> THE TASK:
For each entry below, please return its exact wording and leave out any picture.

> INFORMATION SUPPLIED:

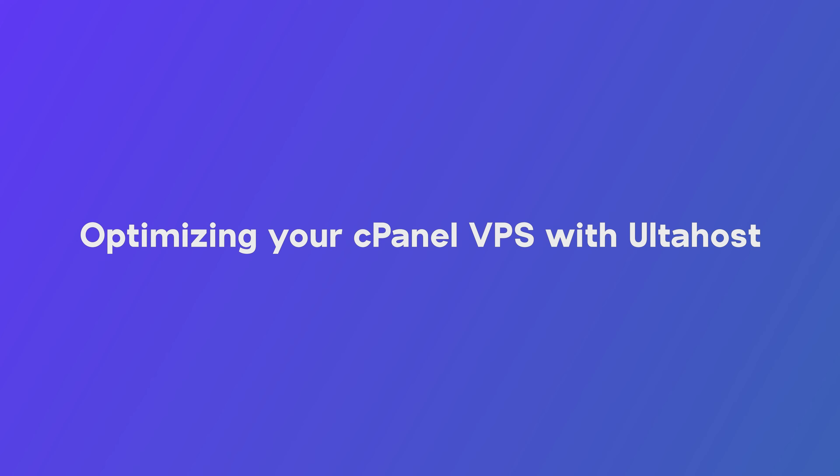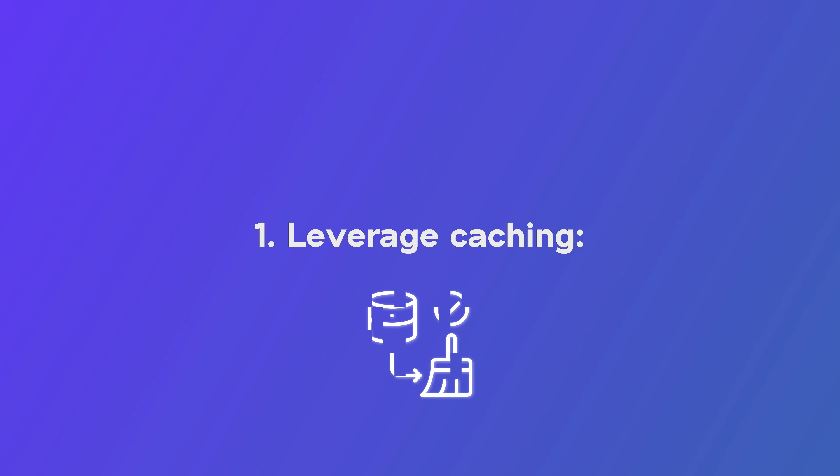Now let's get into some optimization tips to get the most out of your Ulta Host cPanel VPS hosting. Number one: leverage caching. Caching stores frequently accessed website data, reducing the load on your server and speeding up page loads. Ulta Host offers built-in advanced caching technology mechanisms — utilize these tools within cPanel to see a significant performance boost.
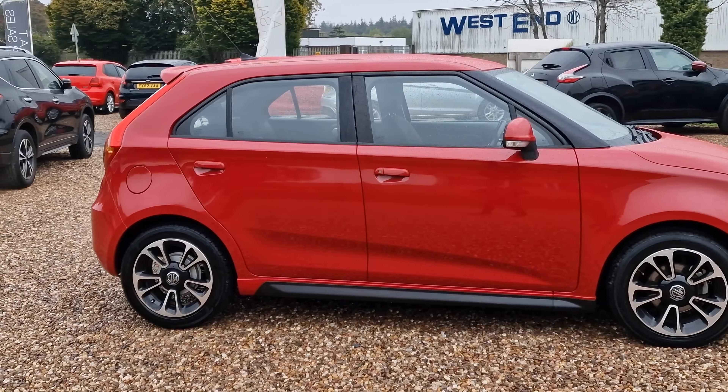It does drive incredibly well. Really nice service history with this one. If this had a Ford badge on it or something else popular, then it would be a hell of a lot more money.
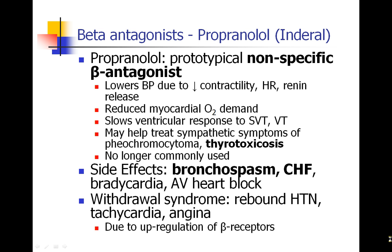Propranolol, also known as Inderal, is the original prototypical nonspecific beta antagonist. This drug could be used to lower blood pressure by many mechanisms: it decreases contractility of the heart, decreases heart rate, decreases myocardial oxygen demand by slowing down the work of the heart, and can help slow the ventricular response to tachydysrhythmias like SVTs or ventricular tachycardia. It can be used to help treat symptoms of pheochromocytoma and is one of the mainstay drugs in the treatment of thyrotoxicosis or thyroid storm. But we don't see this drug used very much anymore, except maybe in the treatment of thyroid storm.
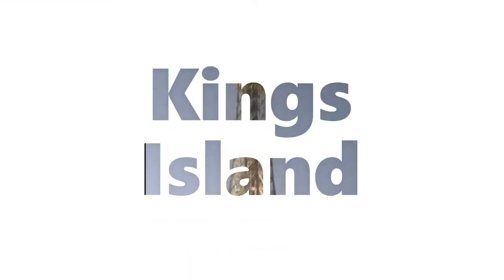Let's get started with the Top 10 Kings Island Roller Coasters. At number 10 is The Racer.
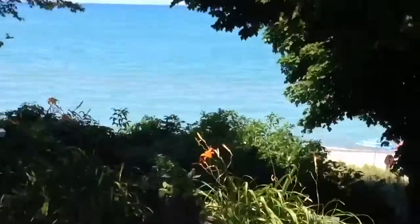Guys, we're at my cottage right now. We're renting it for the first time. And oh my gosh, it is so nice. The beach is literally right there — look, it's literally so close. We literally just walked down there right now.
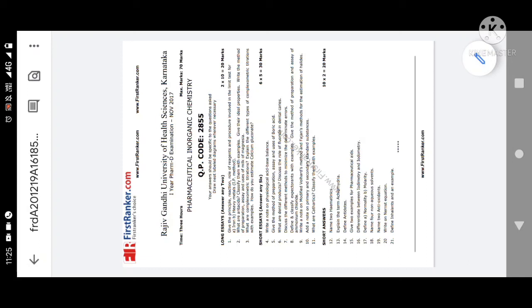Other expectorants include terbutaline and guaifenesin. Write a note on modified Volhard's method and Fajan's method. Note on primary and secondary standard substances — very important question. What are cathartics? Classify them with examples — saline cathartics, osmotic cathartics. Simple question.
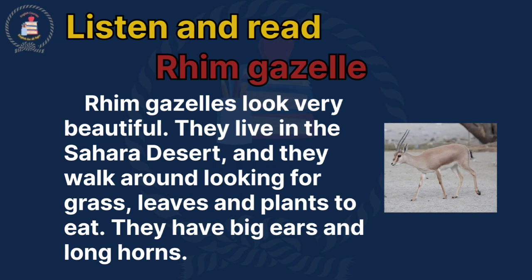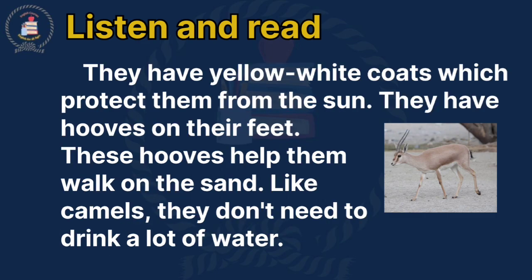Listen and Read: Rim Gazelle. Rim Gazelles look very beautiful. They live in the Sahara Desert, and they walk around looking for grass, leaves and plants to eat. They have big ears and long horns. They have yellow-white coats which protect them from the sun. They have hooves on their feet. These hooves help them walk on the sand. Like camels, they don't need to drink a lot of water.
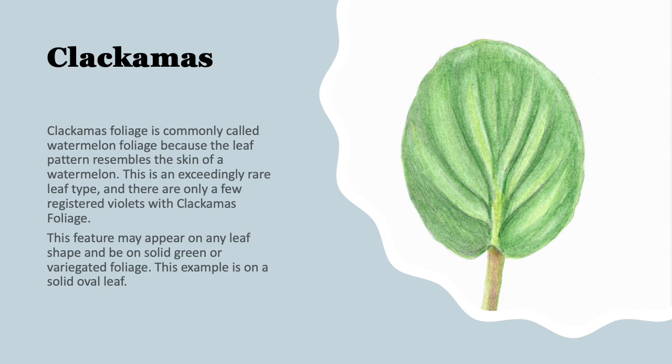This is an example of Clackamas foliage. Because this was discovered in Clackamas, Oregon in the 1950s, it's been around a long time, but there aren't a lot of these available to see. It's also commonly called watermelon foliage because the leaf pattern resembles the skin of a watermelon with those long, horizontal, parallel lines. There are only a few registered violets with Clackamas foliage, but this feature can appear on any leaf shape and on any solid green or variegated foliage. This example is on a solid oval leaf.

> REPLY:
Now let's get into some optimization tips to get the most out of your Ulta Host cPanel VPS hosting. Number one: leverage caching. Caching stores frequently accessed website data, reducing the load on your server and speeding up page loads. Ulta Host offers built-in advanced caching technology mechanisms — utilize these tools within cPanel to see a significant performance boost.
It does drive incredibly well. Really nice service history with this one. If this had a Ford badge on it or something else popular, then it would be a hell of a lot more money.
Propranolol, also known as Inderal, is the original prototypical nonspecific beta antagonist. This drug could be used to lower blood pressure by many mechanisms: it decreases contractility of the heart, decreases heart rate, decreases myocardial oxygen demand by slowing down the work of the heart, and can help slow the ventricular response to tachydysrhythmias like SVTs or ventricular tachycardia. It can be used to help treat symptoms of pheochromocytoma and is one of the mainstay drugs in the treatment of thyrotoxicosis or thyroid storm. But we don't see this drug used very much anymore, except maybe in the treatment of thyroid storm.
Let's get started with the Top 10 Kings Island Roller Coasters. At number 10 is The Racer.
Guys, we're at my cottage right now. We're renting it for the first time. And oh my gosh, it is so nice. The beach is literally right there — look, it's literally so close. We literally just walked down there right now.
Other expectorants include terbutaline and guaifenesin. Write a note on modified Volhard's method and Fajan's method. Note on primary and secondary standard substances — very important question. What are cathartics? Classify them with examples — saline cathartics, osmotic cathartics. Simple question.
Listen and Read: Rim Gazelle. Rim Gazelles look very beautiful. They live in the Sahara Desert, and they walk around looking for grass, leaves and plants to eat. They have big ears and long horns. They have yellow-white coats which protect them from the sun. They have hooves on their feet. These hooves help them walk on the sand. Like camels, they don't need to drink a lot of water.
This is an example of Clackamas foliage. Because this was discovered in Clackamas, Oregon in the 1950s, it's been around a long time, but there aren't a lot of these available to see. It's also commonly called watermelon foliage because the leaf pattern resembles the skin of a watermelon with those long, horizontal, parallel lines. There are only a few registered violets with Clackamas foliage, but this feature can appear on any leaf shape and on any solid green or variegated foliage. This example is on a solid oval leaf.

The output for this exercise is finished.